What to do: Repeat the lines below exactly as written, please, from the line with "Abstraktes Acrylbild bunt" to the line with "Roland Mouret Burgundy", both lines included, and no others.

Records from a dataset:
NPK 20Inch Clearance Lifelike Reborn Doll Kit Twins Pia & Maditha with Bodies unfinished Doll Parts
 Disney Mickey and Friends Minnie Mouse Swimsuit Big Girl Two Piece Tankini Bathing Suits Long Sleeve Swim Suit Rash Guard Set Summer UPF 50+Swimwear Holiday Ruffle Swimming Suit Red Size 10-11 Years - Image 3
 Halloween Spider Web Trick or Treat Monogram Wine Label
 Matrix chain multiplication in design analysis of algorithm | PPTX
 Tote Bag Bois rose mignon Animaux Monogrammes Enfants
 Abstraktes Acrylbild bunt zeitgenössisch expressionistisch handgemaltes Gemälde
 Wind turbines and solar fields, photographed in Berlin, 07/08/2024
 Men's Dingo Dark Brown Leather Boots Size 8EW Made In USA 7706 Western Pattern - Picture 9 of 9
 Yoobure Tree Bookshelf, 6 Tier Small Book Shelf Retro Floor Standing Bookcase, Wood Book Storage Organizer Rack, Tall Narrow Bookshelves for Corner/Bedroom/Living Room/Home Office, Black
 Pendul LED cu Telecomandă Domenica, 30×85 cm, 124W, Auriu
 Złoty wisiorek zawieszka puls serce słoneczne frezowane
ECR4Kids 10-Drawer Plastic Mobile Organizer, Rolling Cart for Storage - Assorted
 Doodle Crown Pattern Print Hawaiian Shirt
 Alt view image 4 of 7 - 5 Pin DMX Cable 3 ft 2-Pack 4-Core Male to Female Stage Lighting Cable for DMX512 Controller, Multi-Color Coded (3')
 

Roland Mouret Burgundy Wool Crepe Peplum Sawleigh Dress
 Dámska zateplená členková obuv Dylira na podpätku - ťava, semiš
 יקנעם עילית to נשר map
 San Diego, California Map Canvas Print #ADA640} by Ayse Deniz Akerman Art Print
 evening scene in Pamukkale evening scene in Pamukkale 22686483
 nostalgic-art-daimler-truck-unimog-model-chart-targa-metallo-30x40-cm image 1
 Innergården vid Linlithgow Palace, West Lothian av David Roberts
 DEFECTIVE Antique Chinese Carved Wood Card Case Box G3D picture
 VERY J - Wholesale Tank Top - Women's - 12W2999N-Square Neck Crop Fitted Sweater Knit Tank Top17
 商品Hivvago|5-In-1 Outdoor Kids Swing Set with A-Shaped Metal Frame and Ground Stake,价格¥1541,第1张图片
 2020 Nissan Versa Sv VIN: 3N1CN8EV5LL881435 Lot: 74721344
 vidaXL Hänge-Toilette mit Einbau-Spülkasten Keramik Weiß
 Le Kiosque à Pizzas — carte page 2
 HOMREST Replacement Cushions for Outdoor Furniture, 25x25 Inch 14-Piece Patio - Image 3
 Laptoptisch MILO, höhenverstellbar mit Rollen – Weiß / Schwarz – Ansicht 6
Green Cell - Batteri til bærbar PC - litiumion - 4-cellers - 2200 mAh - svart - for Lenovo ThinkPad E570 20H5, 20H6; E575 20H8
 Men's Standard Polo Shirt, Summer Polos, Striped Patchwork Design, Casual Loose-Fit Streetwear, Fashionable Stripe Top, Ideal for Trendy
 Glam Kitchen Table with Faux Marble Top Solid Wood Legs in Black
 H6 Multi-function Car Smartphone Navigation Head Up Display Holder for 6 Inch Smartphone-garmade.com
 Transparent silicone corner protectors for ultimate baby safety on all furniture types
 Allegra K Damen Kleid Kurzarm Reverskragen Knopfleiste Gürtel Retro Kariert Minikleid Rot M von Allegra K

Solution to the problem:
 Abstraktes Acrylbild bunt zeitgenössisch expressionistisch handgemaltes Gemälde
 Wind turbines and solar fields, photographed in Berlin, 07/08/2024
 Men's Dingo Dark Brown Leather Boots Size 8EW Made In USA 7706 Western Pattern - Picture 9 of 9
 Yoobure Tree Bookshelf, 6 Tier Small Book Shelf Retro Floor Standing Bookcase, Wood Book Storage Organizer Rack, Tall Narrow Bookshelves for Corner/Bedroom/Living Room/Home Office, Black
 Pendul LED cu Telecomandă Domenica, 30×85 cm, 124W, Auriu
 Złoty wisiorek zawieszka puls serce słoneczne frezowane
ECR4Kids 10-Drawer Plastic Mobile Organizer, Rolling Cart for Storage - Assorted
 Doodle Crown Pattern Print Hawaiian Shirt
 Alt view image 4 of 7 - 5 Pin DMX Cable 3 ft 2-Pack 4-Core Male to Female Stage Lighting Cable for DMX512 Controller, Multi-Color Coded (3')
 

Roland Mouret Burgundy Wool Crepe Peplum Sawleigh Dress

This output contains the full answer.